▶ [YOUR ASSIGNMENT]
Images are to be left out; everything else in the listing should be repeated exactly.

▶ [RAW DATA]
--------------------------------

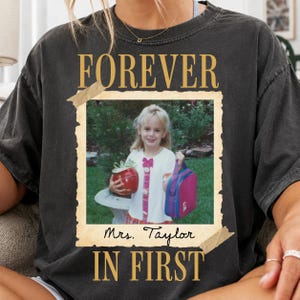 May include: A charcoal gray t-shirt featuring a vintage-style photo print of a young child holding a red apple and a pink lunch bag. The text FOREVER is printed above the photo, and Mrs. Taylor IN FIRST is printed below the photo in gold lettering.
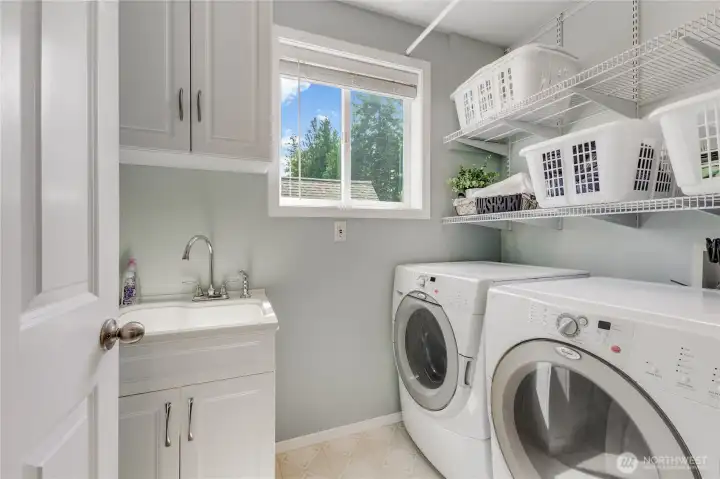 Laundry room is spacious and features front load washer and dryer that convey. Shelving & soaking sink with cabinet storage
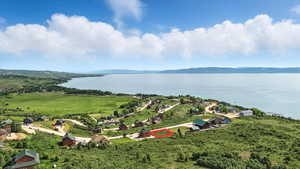 Aerial view of property and surrounding area with a water and mountain view and property boundaries highlighted
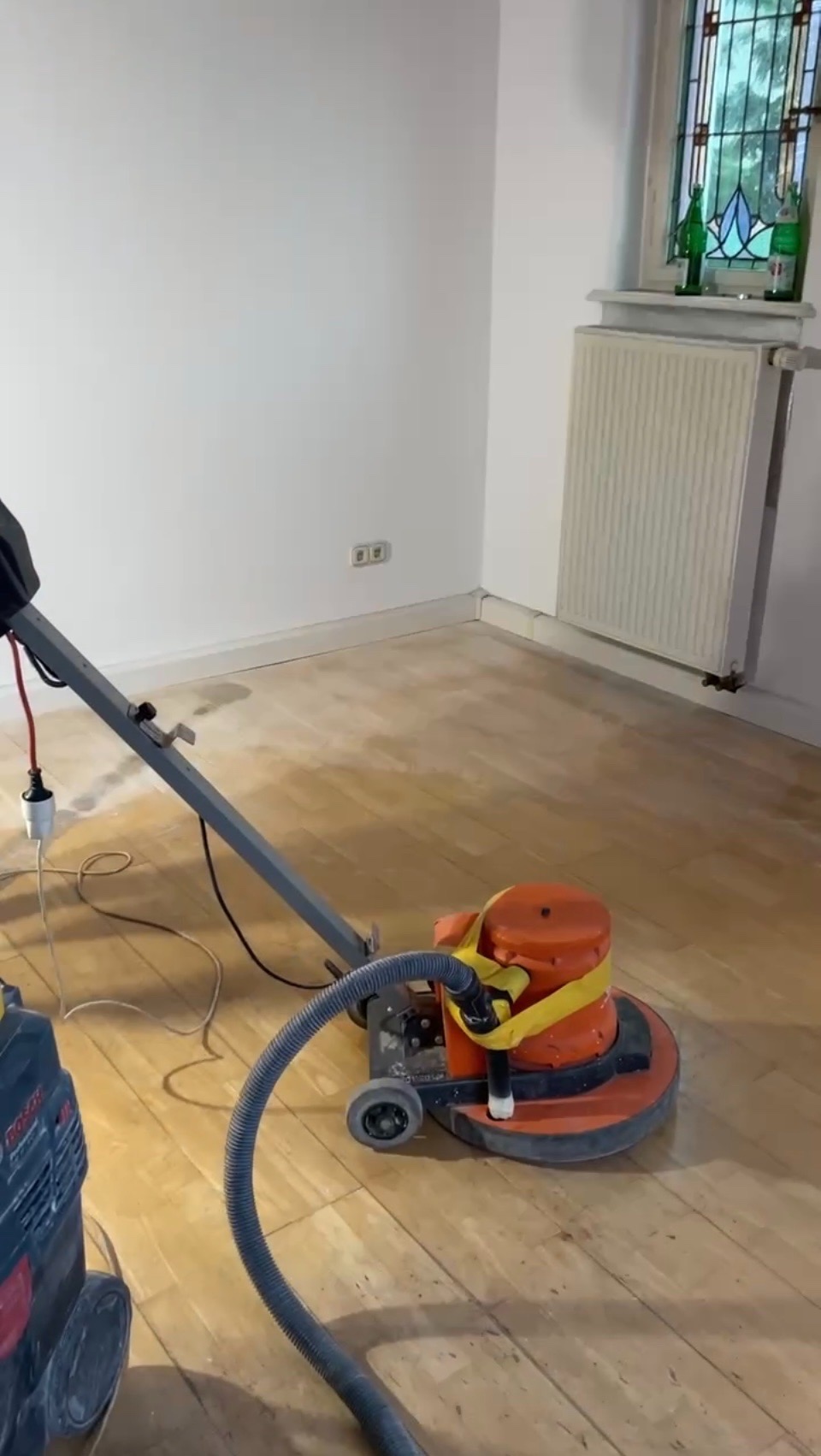 Szlifowanie parkietu maszyną w jasnym pokoju z oknem witrażowym. Widoczny fragment odkurzacza przemysłowego. Podłoga częściowo wyszlifowana, ukazująca jaśniejszy odcień drewna.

--------------------------------

▶ [ANSWER TO THIS TASK]
 May include: A charcoal gray t-shirt featuring a vintage-style photo print of a young child holding a red apple and a pink lunch bag. The text FOREVER is printed above the photo, and Mrs. Taylor IN FIRST is printed below the photo in gold lettering.
 Laundry room is spacious and features front load washer and dryer that convey. Shelving & soaking sink with cabinet storage
 Aerial view of property and surrounding area with a water and mountain view and property boundaries highlighted
 Szlifowanie parkietu maszyną w jasnym pokoju z oknem witrażowym. Widoczny fragment odkurzacza przemysłowego. Podłoga częściowo wyszlifowana, ukazująca jaśniejszy odcień drewna.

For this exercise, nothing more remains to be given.